Recorded data:
○ ○ ○ ○ ○
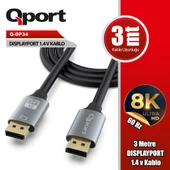 QPORT (Q-DP34) DISPLAY PORT 3 METRE KABLO - 1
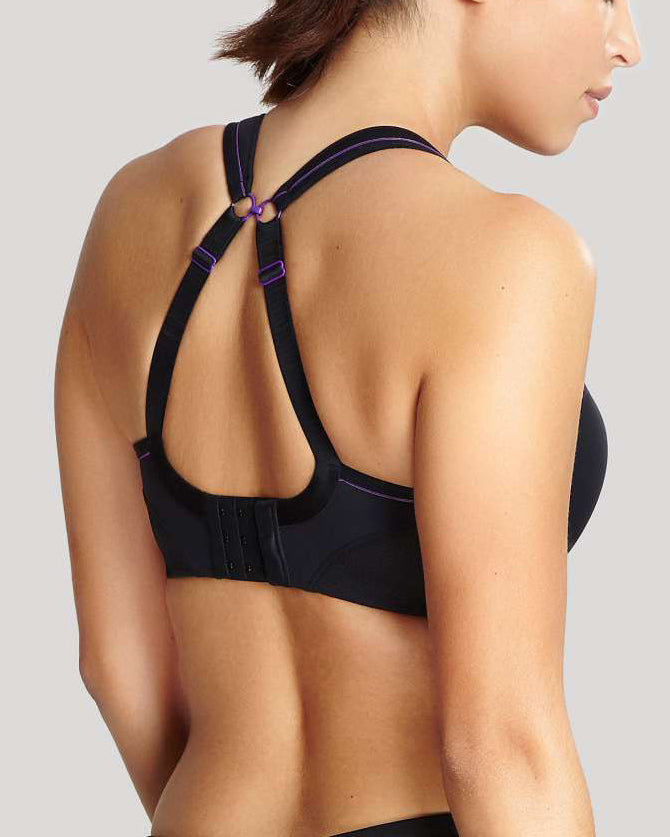 Model wearing a wire free sports bra in black
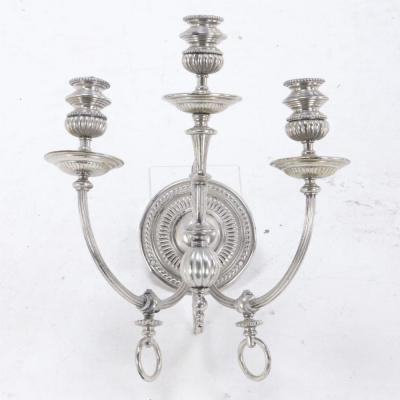 A Pair of American Silver Plated Three Light Sconces C 1920 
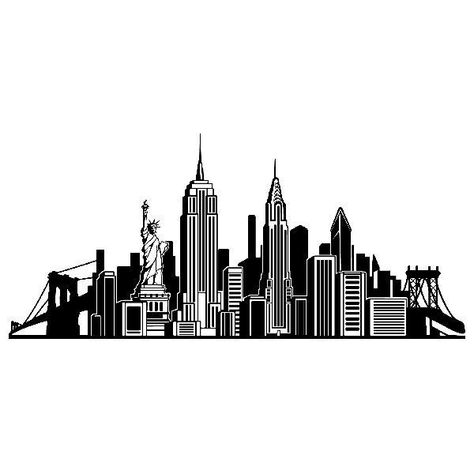 New York Skyline Silhouette, Nyc Drawing, New York Drawing, New York Illustration, Skyline Drawing, Ny Skyline, New York Theme, New York Tattoo, Nyc Tattoo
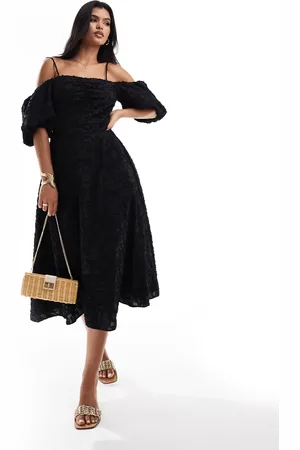 River Island – Midikleid in mit Puffärmeln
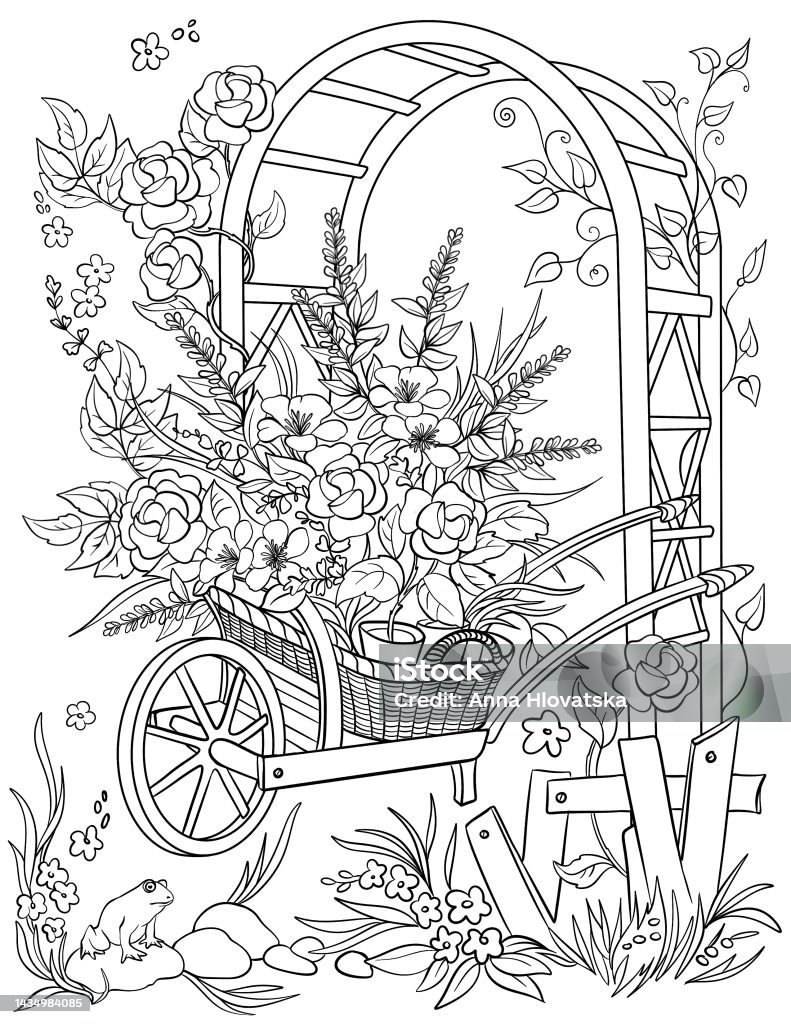 Magical garden coloring book coloring pages stock illustration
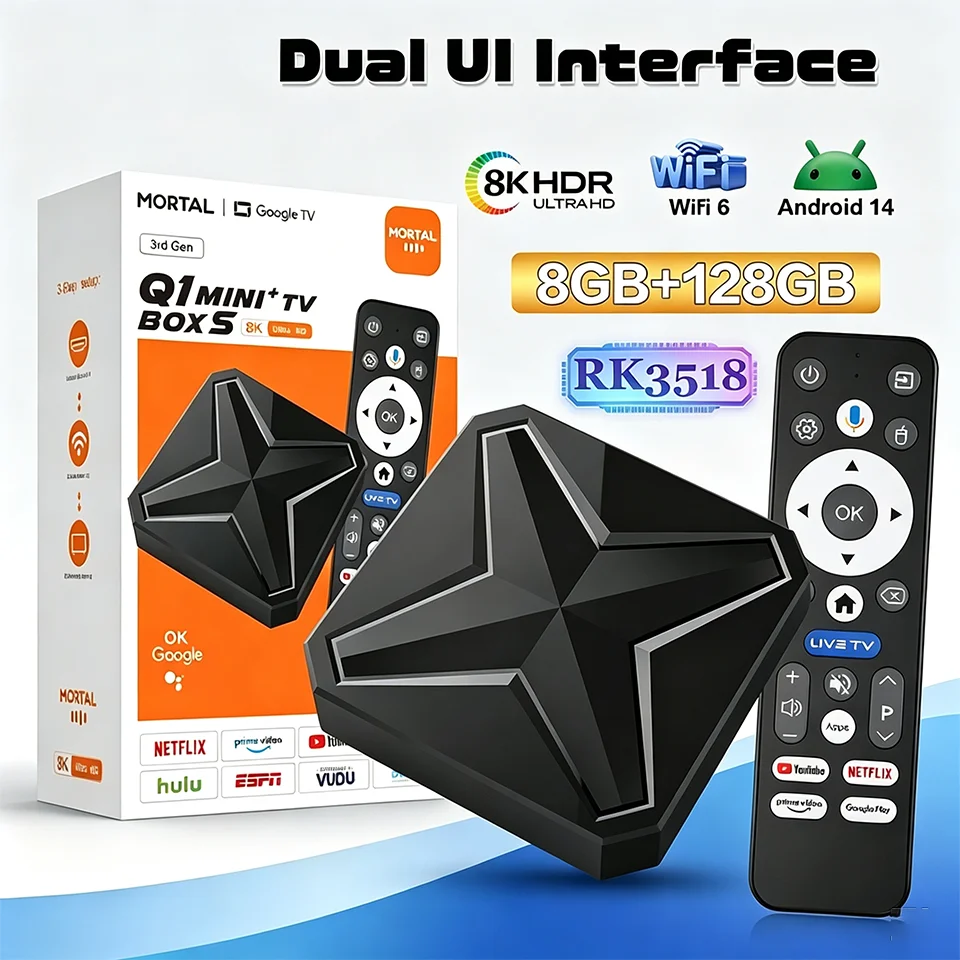 Voice Remote Control 2GB 16GB Q1 MINI+ RK3518 Android 14.0 8K WiFi6 BT54 Streaming Media Player Smart TV Box Home Set Top Box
○ ○ ○ ○ ○
» TASK PROMPT: Reproduce exactly the lines above that run from the one with "A Pair of American" to the one with "Magical garden coloring", both included, leaving pictures out.

» ANSWER AREA:
 A Pair of American Silver Plated Three Light Sconces C 1920 
 New York Skyline Silhouette, Nyc Drawing, New York Drawing, New York Illustration, Skyline Drawing, Ny Skyline, New York Theme, New York Tattoo, Nyc Tattoo
 River Island – Midikleid in mit Puffärmeln
 Magical garden coloring book coloring pages stock illustration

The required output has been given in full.